== Data supplied ==

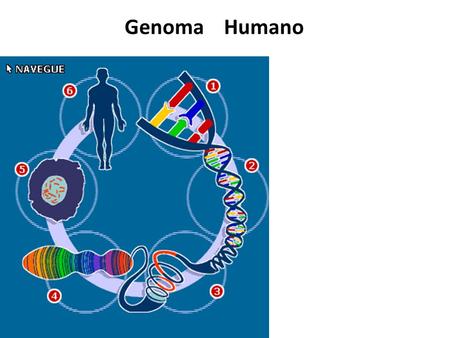 Genoma Humano. Introducción Todas las instrucciones necesarias para crear un ser humano pueden ser escritas con la combinación de cuatro letras que representan.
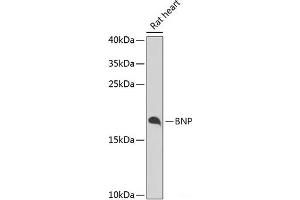 Western blot analysis of extracts of Rat heart using BNP Polyclonal Antibody at dilution of 1:1000. (BNP anticorps)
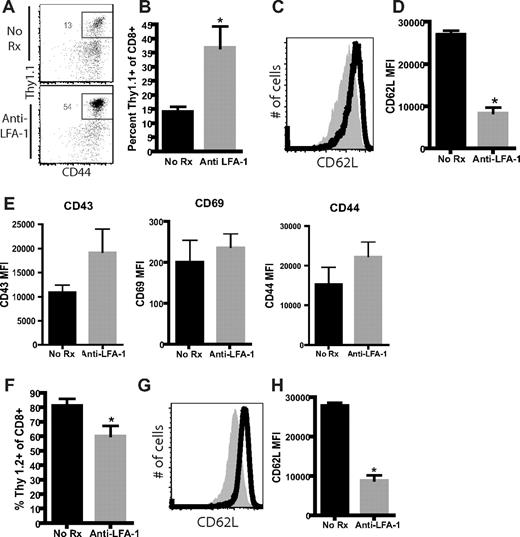 Figure 4. Activated lymphocytes are preferentially sequestered in Ag-exposed, anti–LFA-1–treated LNs. mOVA graft–specific OT-I T cells were adoptively transferred into B6 recipients; 48 hours later, mice received an mOVA skin graft and were left untreated or were treated with anti–LFA-1. Draining LNs were harvested on day 10 after transplantation and donor-reactive Thy1.1+ T cells and non-donor-reactive endogenous Thy1.2+ T cells were analyzed by flow cytometry. (A-B) LNs isolated from anti–LFA-1–treated animals demonstrated a greater percentage of Ag-specific, Thy 1.1+ CD8+ T cells compared with LNs isolated from untreated control animals (P = .018). (C-E) Down-regulation of CD62L expression on Thy1.1+ graft–specific T cells was observed after treatment with anti–LFA-1 compared with untreated controls (P < .0001), but there was no difference in the expression of CD43, CD69, and CD44 on these cells. (F) Analysis of endogenous, non-Ag-specific Thy1.2+ CD8+ T cells revealed a reduction in the frequency of cells compared with untreated controls (P = .023). (G-H) Thy1.2+ cells also exhibited decreased expression of CD62L expression (P < .0001) compared with untreated controls. Data shown are either representative (flow plots) or cumulative (bar graphs) from 2 independent experiments with a total of 8-9 mice per group.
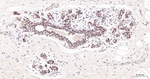 HIF1AN Antibody in Immunohistochemistry (Paraffin) (IHC (P))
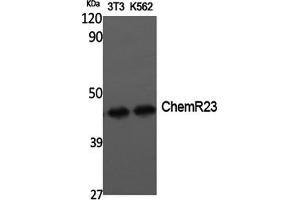 Western Blotting (WB) image for anti-Chemokine-Like Receptor 1 (CMKLR1) antibody (ABIN5959097) (CMKLR1 抗体)
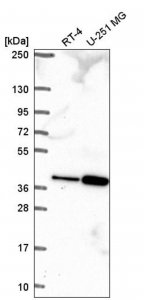 Anti-TPGS2 antibody produced in rabbit HPA061753-100UL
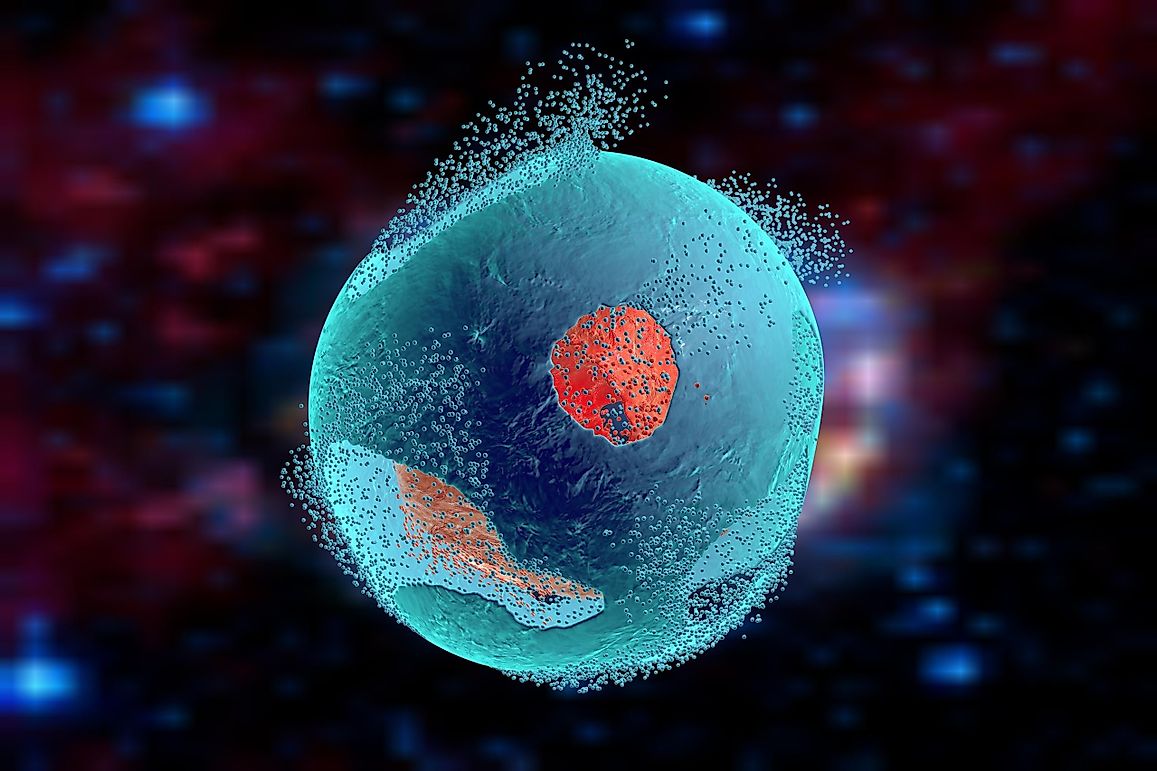 Apoptosis: Do Our Cells Really Commit Suicide?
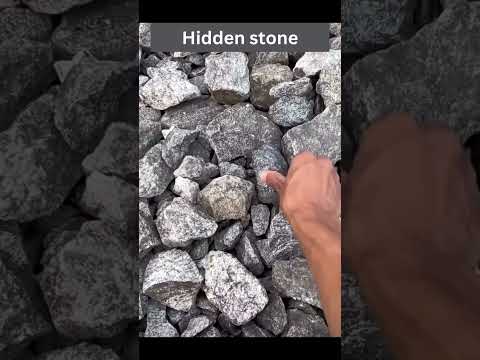 Hidden stone #shorts #toy #hilariousmoments #awkward #funnyvideo #viralvideo #doyoulikeit #funny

===

● **Work to be completed**:
Exactly as written, return each line above and leave the pictures behind.

● **Answer to this problem**:
 Genoma Humano. Introducción Todas las instrucciones necesarias para crear un ser humano pueden ser escritas con la combinación de cuatro letras que representan.
 Western blot analysis of extracts of Rat heart using BNP Polyclonal Antibody at dilution of 1:1000. (BNP anticorps)
 Figure 4. Activated lymphocytes are preferentially sequestered in Ag-exposed, anti–LFA-1–treated LNs. mOVA graft–specific OT-I T cells were adoptively transferred into B6 recipients; 48 hours later, mice received an mOVA skin graft and were left untreated or were treated with anti–LFA-1. Draining LNs were harvested on day 10 after transplantation and donor-reactive Thy1.1+ T cells and non-donor-reactive endogenous Thy1.2+ T cells were analyzed by flow cytometry. (A-B) LNs isolated from anti–LFA-1–treated animals demonstrated a greater percentage of Ag-specific, Thy 1.1+ CD8+ T cells compared with LNs isolated from untreated control animals (P = .018). (C-E) Down-regulation of CD62L expression on Thy1.1+ graft–specific T cells was observed after treatment with anti–LFA-1 compared with untreated controls (P < .0001), but there was no difference in the expression of CD43, CD69, and CD44 on these cells. (F) Analysis of endogenous, non-Ag-specific Thy1.2+ CD8+ T cells revealed a reduction in the frequency of cells compared with untreated controls (P = .023). (G-H) Thy1.2+ cells also exhibited decreased expression of CD62L expression (P < .0001) compared with untreated controls. Data shown are either representative (flow plots) or cumulative (bar graphs) from 2 independent experiments with a total of 8-9 mice per group.
 HIF1AN Antibody in Immunohistochemistry (Paraffin) (IHC (P))
 Western Blotting (WB) image for anti-Chemokine-Like Receptor 1 (CMKLR1) antibody (ABIN5959097) (CMKLR1 抗体)
 Anti-TPGS2 antibody produced in rabbit HPA061753-100UL
 Apoptosis: Do Our Cells Really Commit Suicide?
 Hidden stone #shorts #toy #hilariousmoments #awkward #funnyvideo #viralvideo #doyoulikeit #funny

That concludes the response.